I thought that I understood this division of legislative power under our Constitution, but our current president has been exercising many legislative powers. For example, a recent news story said that the president was going to bypass Congress and sell billions of dollars of arms to Saudi Arabia and United Arab Emirates; the president has restricted purchase of products made by Huawei, a Chinese telecommunications company; the president has taken money allocated for the military and shifted it to be spent on a border wall even though Congress rejected money for the wall; and the president every day seems to impose or remove some tariff.

These actions seem to be exercising authority expressly given in the Constitution to Congress. Thus only Congress was granted the authority “To regulate Commerce with foreign Nations. . . ”, and approval of arms sales to Mideast countries and the prohibitions on the purchase of Chinese products are regulations of foreign commerce. The Constitution enjoins that “No money shall be drawn from the Treasury, but in Consequence of Appropriations made by Law,” which require congressional passage. When the president shifts spending from the military to a border wall, he is drawing money from the Treasury even though Congress has not specifically authorized that appropriation. Only the legislative branch is given the authority to impose tariffs: “The Congress shall have Power To lay and collect, Taxes, Duties, Imposts and Excises. . . .” So, what’s going on here?

I am not suggesting the president is just ignoring the Constitution. Instead, he can cite constitutionally passed laws to claim legitimacy for his actions. For example, legislation grants Congress a review period during which the legislators can modify or prohibit a prospective arms sale. A provision of the Arms Export Control Act, however, allows the president to bypass Congress if he deems an “emergency exists which requires the proposed sale in the national security interest of the United States.” Similarly, a law grants the president tariff-setting power when he deems it necessary for “national security.” And the National Emergencies Act allows the president, after finding that a “national emergency” exists, to take money already allocated by Congress for another purpose and spend it to meet the national emergency. Thus, our president says that because of national security he can allocate funds from the treasury for a border wall even though Congress has not appropriated money for such a purpose.

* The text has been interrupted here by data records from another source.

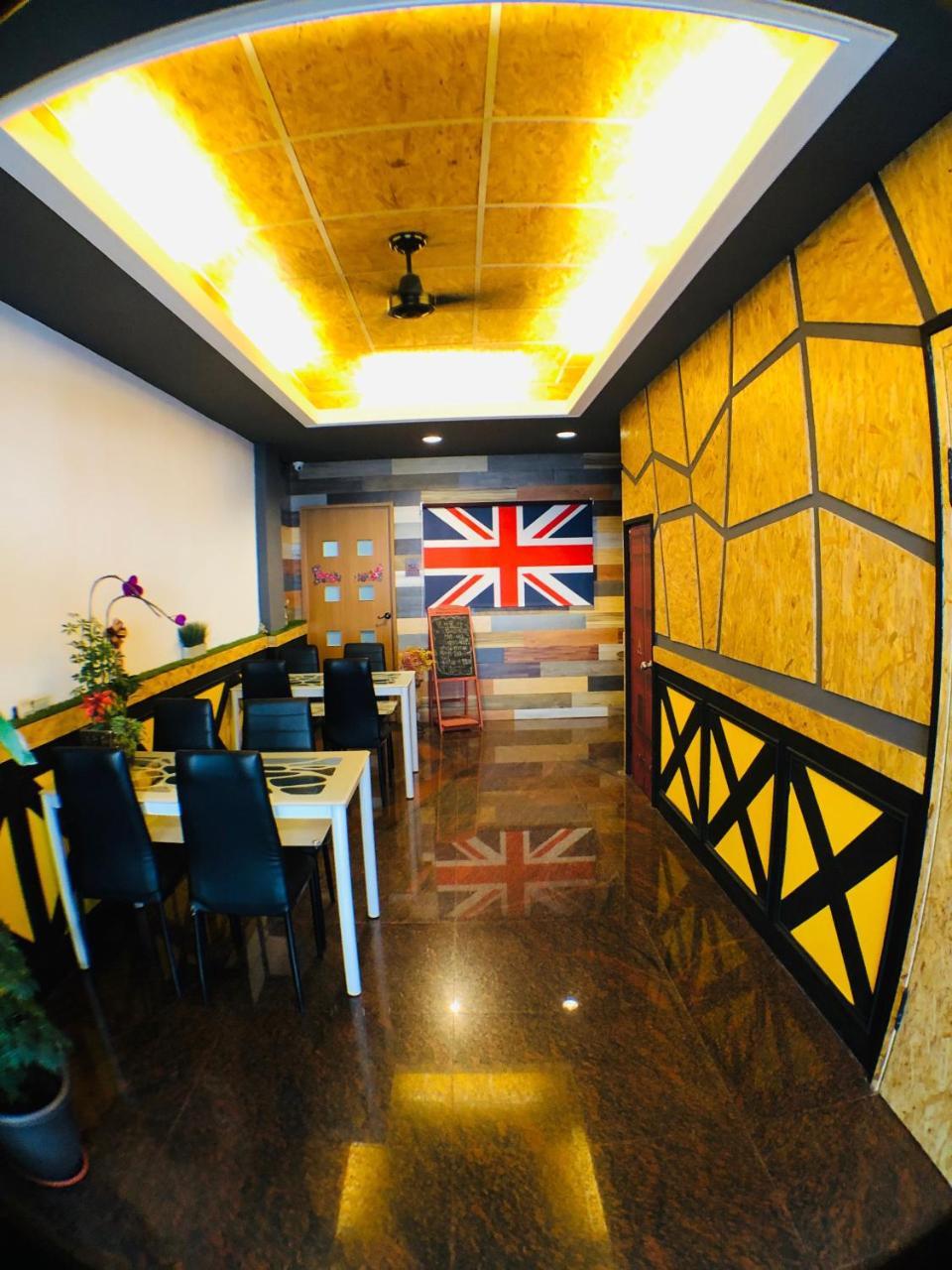 First Place B&B Хуалиен Сити Екстериор снимка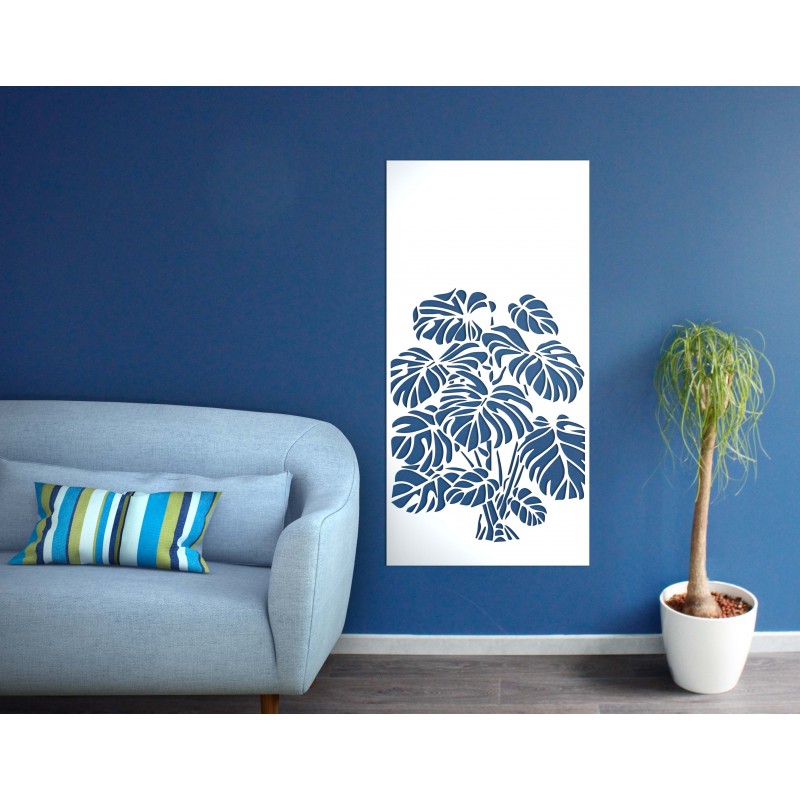 Stickers plante Monstera – Déco Exotique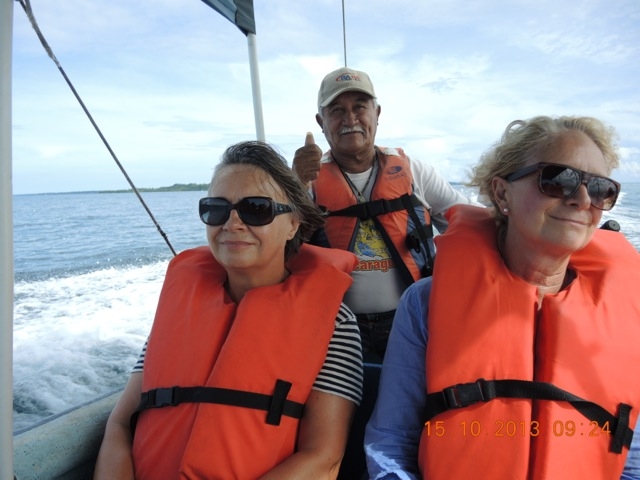 Bootsausflug in Bocas del Toro inkl. Badespass in der Karibik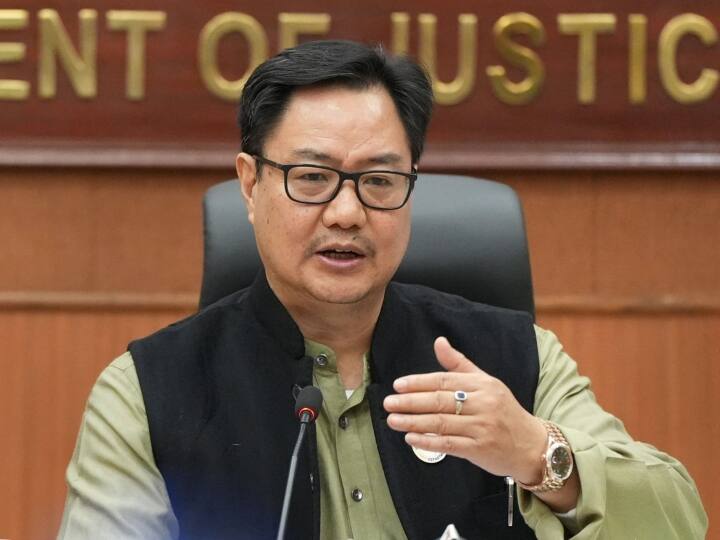 BBC documentary India The Modi Question Union Law Minister Kiren Rijiju Supreme court BBC Documentary Row: 'इस तरह वे...', सुप्रीम कोर्ट पहुंचा BBC की डॉक्यूमेंट्री पर रोक का मामला तो बोले कानून मंत्री किरेन रिजिजू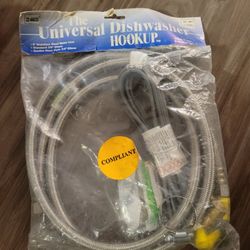 Dishwasher Conectors Kit (Complete)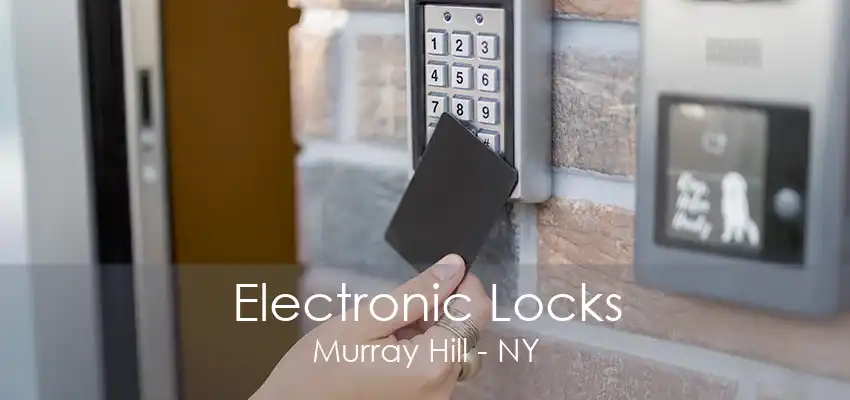 Electronic Locks Murray Hill - NY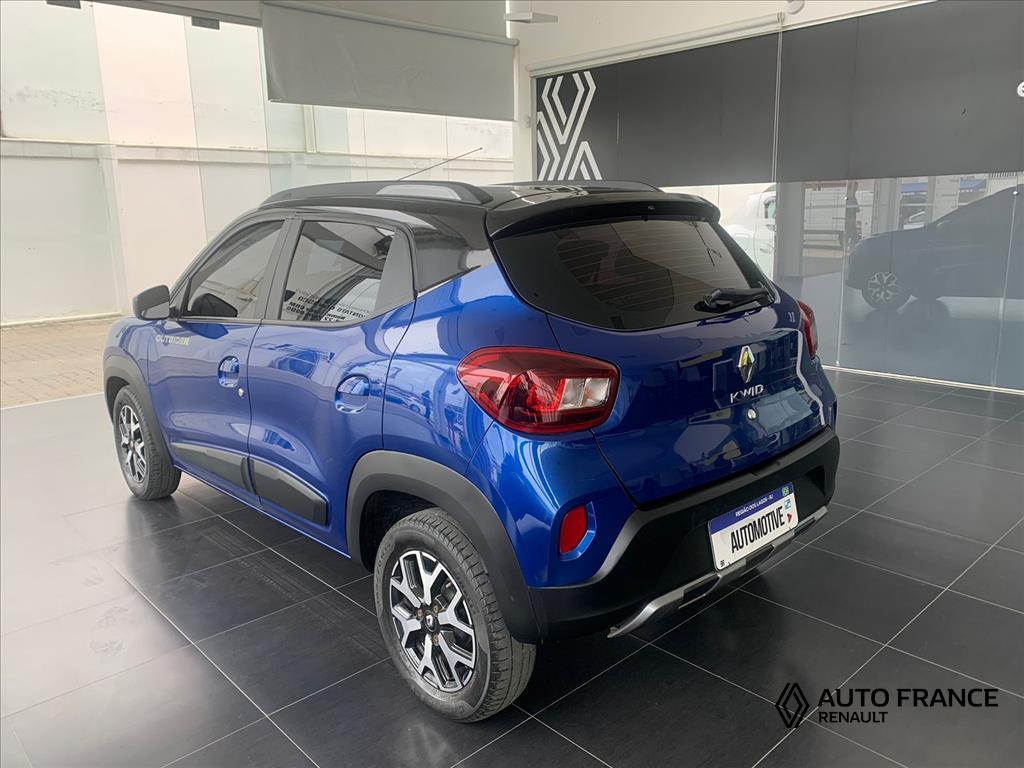 KWID 1.0 12V SCE FLEX OUTSIDER MANUAL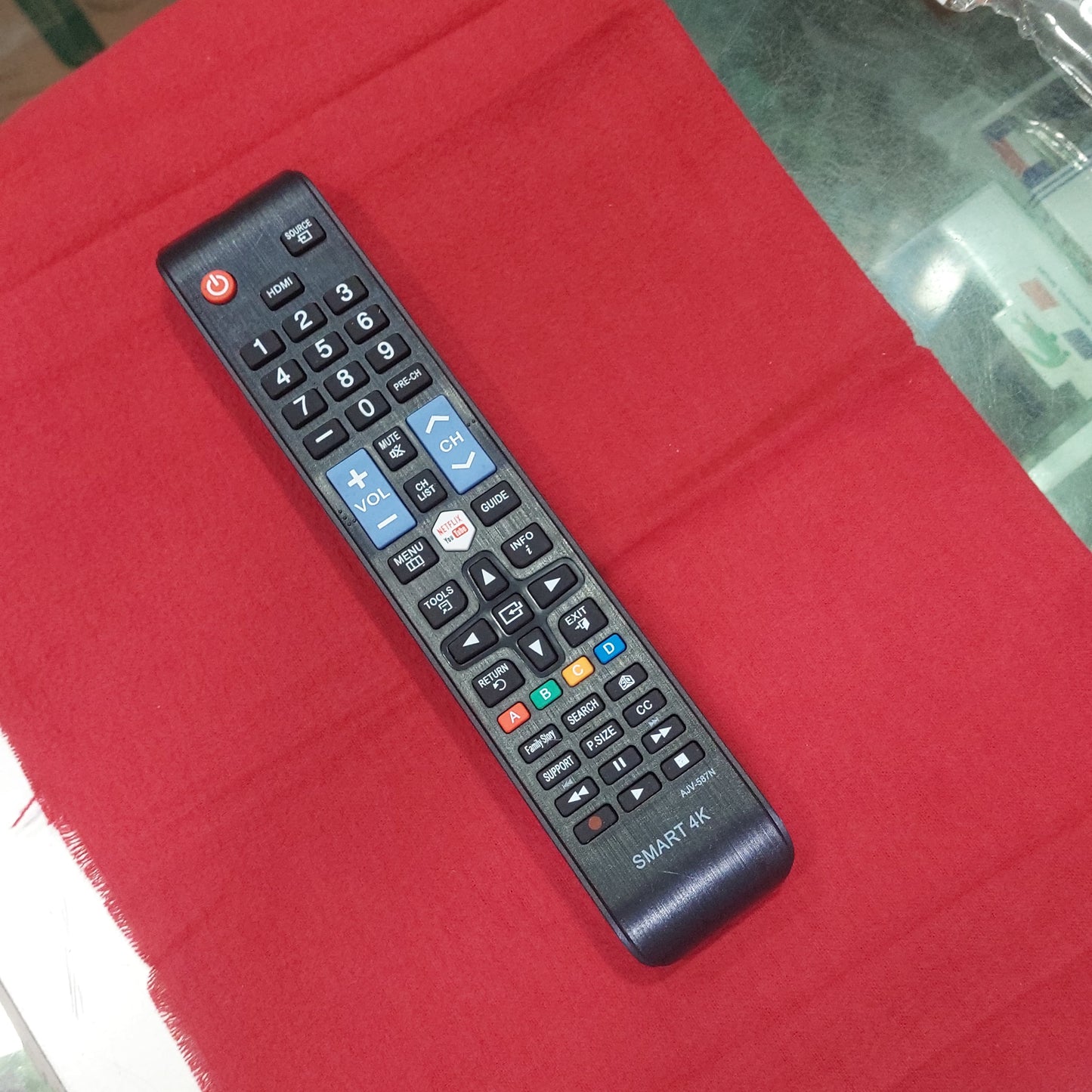 Control remoto Samsung COD:2623 - Cod : 03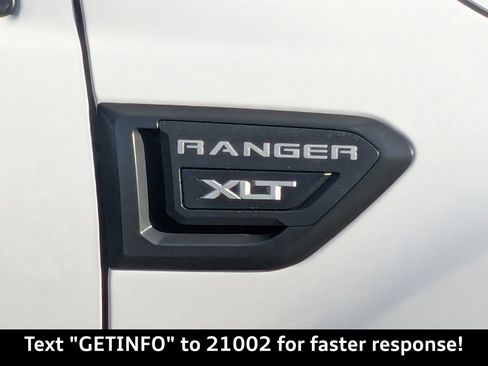 Used 2021 Ford Ranger XLT image 14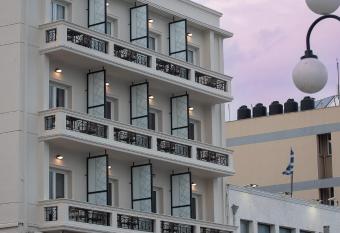 Lesvion Hotel has Balcony rooms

People can argue that our president is not correctly using the powers he was given in these statutes, but I don’t want to get into such arguments here. Instead, I am pointing out that in the laws the president relies on for his actions, Congress has surrendered some of its legislative powers and given it to the president, who, under our Constitution, does not have these legislative powers. It might seem that these laws have recast our fundamental charter.